De nada sirve un café en tacita de plata, si el barrio en el que reposan los veladores con manteles de chantillí, donde nos lo tomamos, no tiene aún resuelto el alcantarillado. De poco o de nada sirve una playa cálida y soleada, con sus chiringuitos rebosantes de pescado, si el mar nos vomita como un insulto nuestros propios residuos mal reciclados. Como no sirve, tampoco, el más bello y valioso patrimonio monumental, si no podemos pasear por el tupido entramado de calles y plazuelas en el que se ubica, por miedo a que nos asalten delincuentes espoleados por la necesidad que esclaviza al tercer mundo -que también está dentro del primero-, o por las adicciones inducidas en víctimas enganchadas, que nos harán sus víctimas, por los intereses consumistas y amorales del primer mundo. Ni Nueva York se salva del terror que provocan los instrumentalizadores de la desesperación y los desequilibrios entre el mundo desarrollado y el subdesarrollado (tristísimo ver el vídeo de esos pobres turistas argentinos disfrutando de Nueva York en bici que fueron masacrados por ese lobo solitario, uno más con negrura en la cabeza). Por eso, de poco o nada sirve, en un mundo cada vez más globalizado, seducir con las mejores infraestructuras de ocio si son en sí mismas islas cerradas, sólo para unos pocos. Como un mundo ficticio dentro de éste. Como munditos de plástico que se esconden unos en otros. Como muñecas rusas que flotan en la marejada de un mar de realidades que se pretenden disfrazar y alejar.
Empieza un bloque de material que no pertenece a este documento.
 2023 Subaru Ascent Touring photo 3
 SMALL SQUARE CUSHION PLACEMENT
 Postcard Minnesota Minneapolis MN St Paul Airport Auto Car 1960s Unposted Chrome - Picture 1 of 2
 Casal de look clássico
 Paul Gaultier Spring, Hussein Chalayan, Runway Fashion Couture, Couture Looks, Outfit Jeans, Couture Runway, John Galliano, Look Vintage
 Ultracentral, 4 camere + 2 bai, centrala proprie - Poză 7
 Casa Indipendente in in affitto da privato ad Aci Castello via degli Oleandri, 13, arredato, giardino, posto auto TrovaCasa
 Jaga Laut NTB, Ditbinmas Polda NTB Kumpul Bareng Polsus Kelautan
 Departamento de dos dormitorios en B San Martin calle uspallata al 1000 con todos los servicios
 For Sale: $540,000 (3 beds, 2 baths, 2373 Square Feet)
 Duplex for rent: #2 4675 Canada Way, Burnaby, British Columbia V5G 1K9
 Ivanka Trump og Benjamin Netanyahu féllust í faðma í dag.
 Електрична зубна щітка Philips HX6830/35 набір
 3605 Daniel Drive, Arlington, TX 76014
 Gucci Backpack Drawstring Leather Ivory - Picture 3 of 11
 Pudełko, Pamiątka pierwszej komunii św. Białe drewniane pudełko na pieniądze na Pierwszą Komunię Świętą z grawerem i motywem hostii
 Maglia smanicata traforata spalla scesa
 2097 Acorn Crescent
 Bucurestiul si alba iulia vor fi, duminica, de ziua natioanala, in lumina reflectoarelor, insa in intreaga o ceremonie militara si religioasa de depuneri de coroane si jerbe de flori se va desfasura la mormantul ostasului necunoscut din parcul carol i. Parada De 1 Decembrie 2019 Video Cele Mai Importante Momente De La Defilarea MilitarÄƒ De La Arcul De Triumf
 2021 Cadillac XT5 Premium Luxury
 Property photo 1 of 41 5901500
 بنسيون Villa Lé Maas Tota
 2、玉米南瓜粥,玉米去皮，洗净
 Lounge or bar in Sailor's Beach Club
La vida no es un decorado. Y cuando lo es, acaba con los telones empapados y rotos por el sudor o la sangre de quienes esconde. Por eso el turismo, como industria turística, no puede ser hoy poco sensible al entorno del que se aprovecha para obtener beneficios empresariales, ni mantenerse ajeno a los valores morales y políticos que condicionan esos lugares. Aquel impacto turístico ultramontano de los Sesenta, por ejemplo, de beneficio rápido y especulativo, no sólo ha dañado las costas y los cascos históricos donde se ´desarrollismó´, sino que ha estado a punto de mandar al traste la calidad de la industria turística, y de manchar con una imagen negativa en la era de la imagen el futuro del Turismo como sector económico blanco y de paz. Por eso los profesionales del Turismo no pueden mantenerse al margen del devenir sociopolítico del planeta, además del de los lugares -propios o ajenos- que pretenden explotar. Un mundo mejor posibilita un desarrollo turístico más sólido y duradero. Y un desarrollo turístico sensible y adecuado, con objetivos a medio y largo plazo, un mundo más atractivo y perdurable. Alejados por ello de un autismo intencionado de todo lo que no sean cifras, habría que apostar por equilibrar el desarrollo de una industria como la turística con los valores de personas y entidades que, en sus respectivos ámbitos profesionales y humanos, siguen representando la esperanza de que si se quiere se puede, y de que, si nos empeñamos, éste podría ser algún día mundo mejor. Y no es difícil creer que esto pudiera ser así para quienes tenemos la suerte de vivir en Andalucía.